• What is required
Everything from the line containing "Allie Chrono Beauty" through the line containing "Apartamento T2 para Venda em Canidelo Foto 5" should be repeated exactly, and nothing else from the data.
━━━━━━━━━━
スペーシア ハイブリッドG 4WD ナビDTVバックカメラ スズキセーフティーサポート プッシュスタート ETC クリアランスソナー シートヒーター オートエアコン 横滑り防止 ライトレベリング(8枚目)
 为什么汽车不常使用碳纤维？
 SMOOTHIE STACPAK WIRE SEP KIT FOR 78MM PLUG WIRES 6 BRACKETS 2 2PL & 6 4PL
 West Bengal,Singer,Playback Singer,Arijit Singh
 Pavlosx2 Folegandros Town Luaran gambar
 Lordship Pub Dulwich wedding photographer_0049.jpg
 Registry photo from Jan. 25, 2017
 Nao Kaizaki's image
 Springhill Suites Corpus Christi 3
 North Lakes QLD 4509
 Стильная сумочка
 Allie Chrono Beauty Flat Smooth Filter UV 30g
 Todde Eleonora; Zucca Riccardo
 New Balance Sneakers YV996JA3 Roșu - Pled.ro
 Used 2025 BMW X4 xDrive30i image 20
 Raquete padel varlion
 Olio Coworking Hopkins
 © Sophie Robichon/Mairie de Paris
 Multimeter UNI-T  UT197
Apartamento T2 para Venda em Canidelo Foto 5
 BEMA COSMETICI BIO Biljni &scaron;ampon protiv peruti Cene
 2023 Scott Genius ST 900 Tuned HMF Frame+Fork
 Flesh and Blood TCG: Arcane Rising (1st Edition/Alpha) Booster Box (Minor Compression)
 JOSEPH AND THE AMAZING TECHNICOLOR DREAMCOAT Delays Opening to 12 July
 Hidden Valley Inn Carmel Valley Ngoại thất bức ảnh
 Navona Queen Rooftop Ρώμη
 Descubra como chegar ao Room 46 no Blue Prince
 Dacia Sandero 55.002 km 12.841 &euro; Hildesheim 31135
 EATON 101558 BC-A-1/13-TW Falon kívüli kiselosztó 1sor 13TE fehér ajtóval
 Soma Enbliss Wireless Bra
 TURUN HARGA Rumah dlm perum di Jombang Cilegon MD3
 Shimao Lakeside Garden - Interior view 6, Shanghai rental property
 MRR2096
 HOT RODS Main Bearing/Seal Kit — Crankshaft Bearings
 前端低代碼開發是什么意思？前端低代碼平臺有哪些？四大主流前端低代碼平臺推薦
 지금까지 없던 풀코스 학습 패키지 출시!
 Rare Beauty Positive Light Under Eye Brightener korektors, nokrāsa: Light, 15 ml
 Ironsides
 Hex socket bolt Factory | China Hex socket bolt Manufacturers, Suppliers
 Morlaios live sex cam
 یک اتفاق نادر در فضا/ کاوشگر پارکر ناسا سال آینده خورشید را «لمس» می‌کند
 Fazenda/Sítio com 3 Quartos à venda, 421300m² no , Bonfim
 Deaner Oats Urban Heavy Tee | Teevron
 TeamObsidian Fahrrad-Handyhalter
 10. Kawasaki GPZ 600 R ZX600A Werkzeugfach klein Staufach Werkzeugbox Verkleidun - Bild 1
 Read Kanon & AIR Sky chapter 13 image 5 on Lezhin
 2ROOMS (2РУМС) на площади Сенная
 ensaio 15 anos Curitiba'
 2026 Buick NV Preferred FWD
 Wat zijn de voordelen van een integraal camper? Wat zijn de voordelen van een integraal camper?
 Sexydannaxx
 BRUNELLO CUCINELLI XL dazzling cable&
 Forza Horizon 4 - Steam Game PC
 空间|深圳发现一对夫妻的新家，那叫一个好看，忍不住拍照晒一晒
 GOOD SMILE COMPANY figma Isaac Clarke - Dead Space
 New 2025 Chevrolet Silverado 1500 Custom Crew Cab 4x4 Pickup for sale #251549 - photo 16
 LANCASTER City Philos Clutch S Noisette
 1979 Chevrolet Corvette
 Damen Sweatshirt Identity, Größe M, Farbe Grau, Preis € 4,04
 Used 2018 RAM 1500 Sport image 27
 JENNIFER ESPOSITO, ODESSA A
━━━━━━━━━━
• Answer to this exercise
 Allie Chrono Beauty Flat Smooth Filter UV 30g
 Todde Eleonora; Zucca Riccardo
 New Balance Sneakers YV996JA3 Roșu - Pled.ro
 Used 2025 BMW X4 xDrive30i image 20
 Raquete padel varlion
 Olio Coworking Hopkins
 © Sophie Robichon/Mairie de Paris
 Multimeter UNI-T  UT197
Apartamento T2 para Venda em Canidelo Foto 5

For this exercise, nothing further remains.